Bad Movies II

film 3 of 5

Antichrist

Film Review by Dean Duncan Jun 17, 2015

This film’s opening sequence combines two famous scenes from Nicolas Roeg’s Don’t Look Now (1973): the child’s death at the beginning, and the spouses’ extended amorous tryst in the middle. Lars Von Trier, the director of Antichrist, pays homage to Roeg and his film by tossing a toddler out an upper-story window while his parents cavort laughably all over their apartment. This is probably a statement of principle—fearless! unflinching!—as well as a really concise expression of what’s wrong with the guy. It’s dramatic and psychological implausibility, vying endlessly with cruel sadism.

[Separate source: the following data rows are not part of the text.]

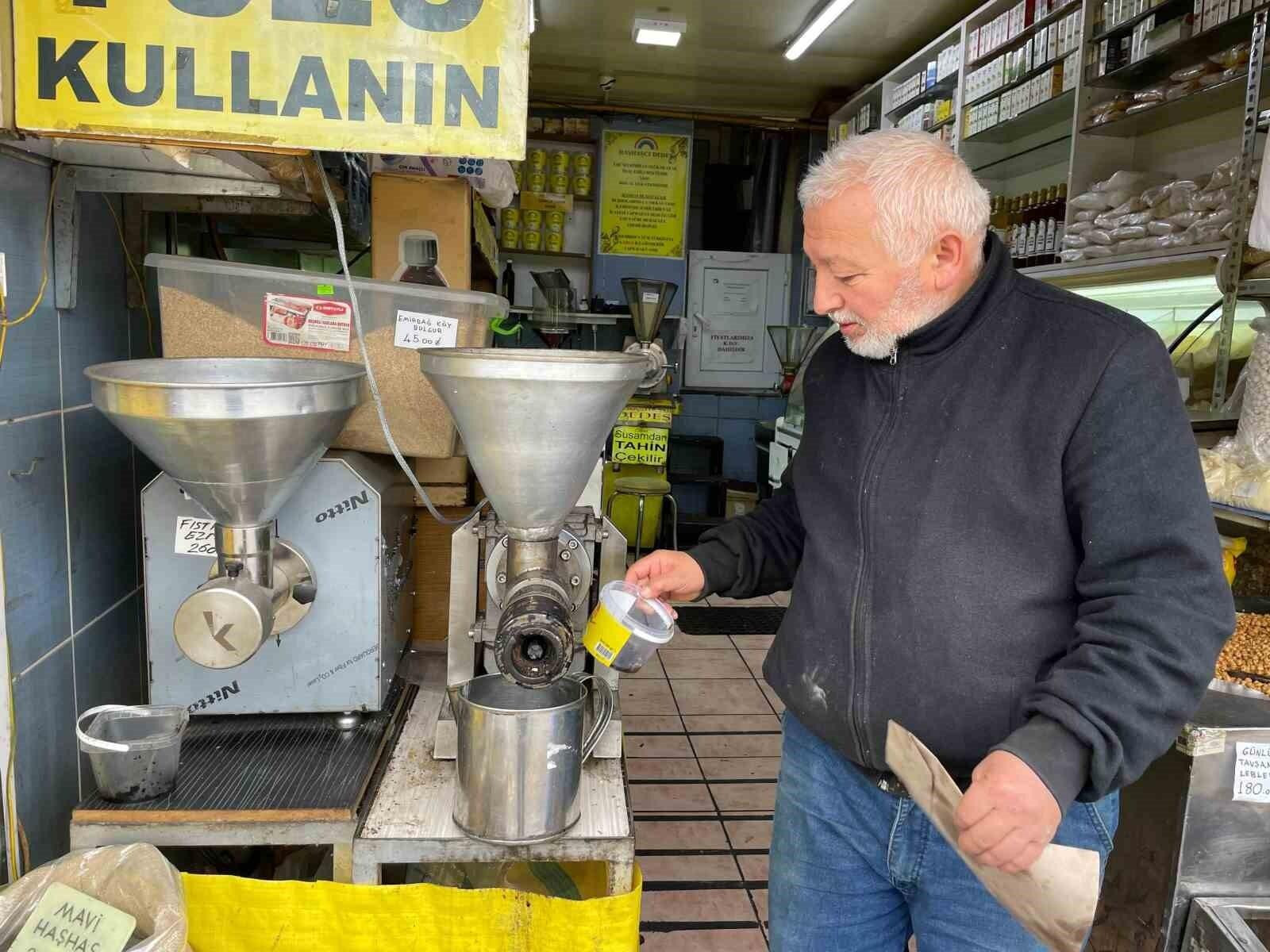 Eskişehir’de Kışın Gripten Korunmak İçin Çörekotu Yağı Talep Artıyor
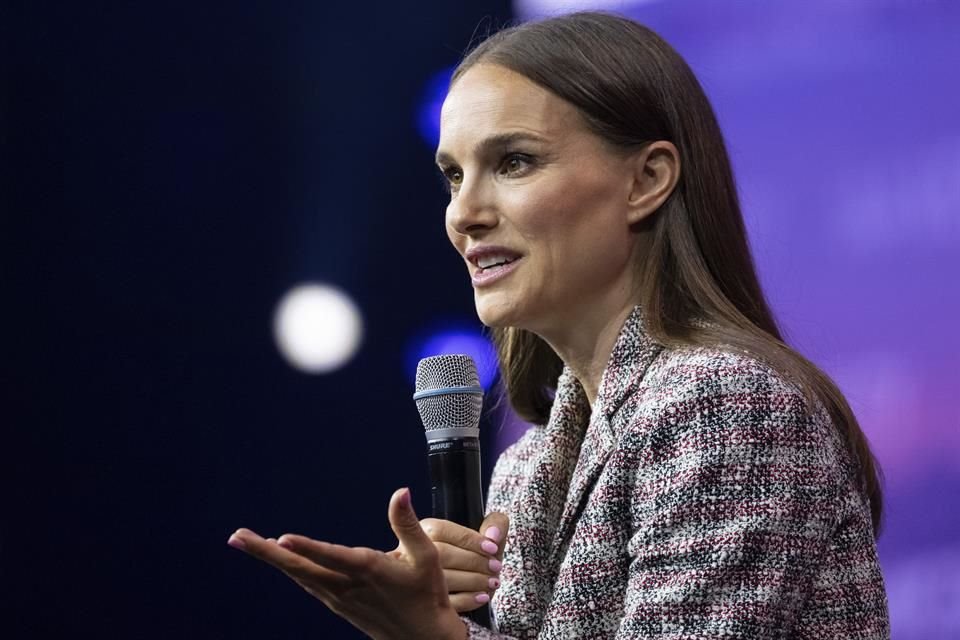 Portman fue fotografiada disfrutando de unas merecidas vacaciones el miércoles, mostrando su buen humor y disfrutando de la compañía de una amiga.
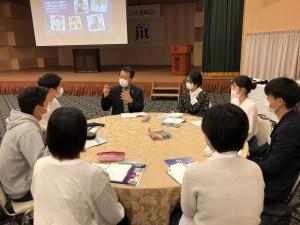 b40dbdab-e402-4b3f-8743-06ebcb62cdc3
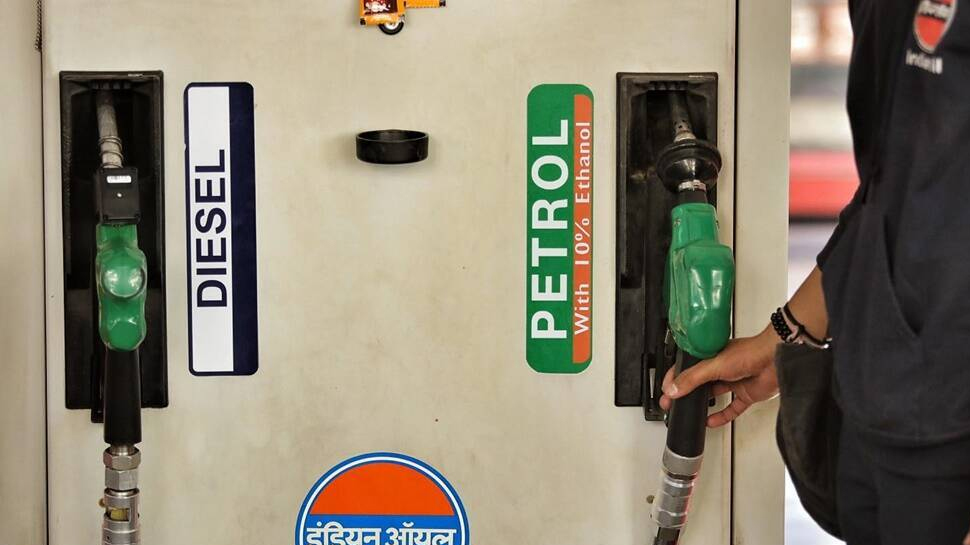 Petrol Diesel Price: घटी पेट्रोल और डीजल की कीमतें; अब इस दाम पर मिलेगा ईंधन Petrol Diesel Price: घटी पेट्रोल और डीजल की कीमतें; अब इस दाम पर मिलेगा ईंधन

That does not mean Brecht + Zola, or even Brecht + Artaud. Actually, eventually it probably means that von Trier just deserves to be ignored.

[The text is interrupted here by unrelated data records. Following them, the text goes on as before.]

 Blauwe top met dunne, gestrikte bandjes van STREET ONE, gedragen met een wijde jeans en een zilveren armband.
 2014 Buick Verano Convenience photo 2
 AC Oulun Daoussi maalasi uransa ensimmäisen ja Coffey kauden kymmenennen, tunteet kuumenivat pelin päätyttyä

I’ll give them this: it’s quite beautifully shot. Poor Charlotte Gainsbourg is remarkable. I said “poor,” but isn’t this partly her fault? She could have said no. Or, as we need to remember when encountering material like this, it’s quite possible that the participants consented, and that they in some way sustain the statement, or the exploration, or whatever. (As in Gainsbourg/von Trier, pts. I and II, 1913.) Does that sound smug, and self-righteous? It’s always possible that we’re missing something, and it’s always probable that there are depths of sorrow or trauma or aspiration that we know not of. But it’s not at all smug or self-righteous to feel affronted, and get out of there.

Some of the Boschian tableaux are very impressive. As for the conclusion, the genital prostheses, etc., the mind struggles to explain or articulate. Also, the mind is hard pressed to find a reason to bother trying.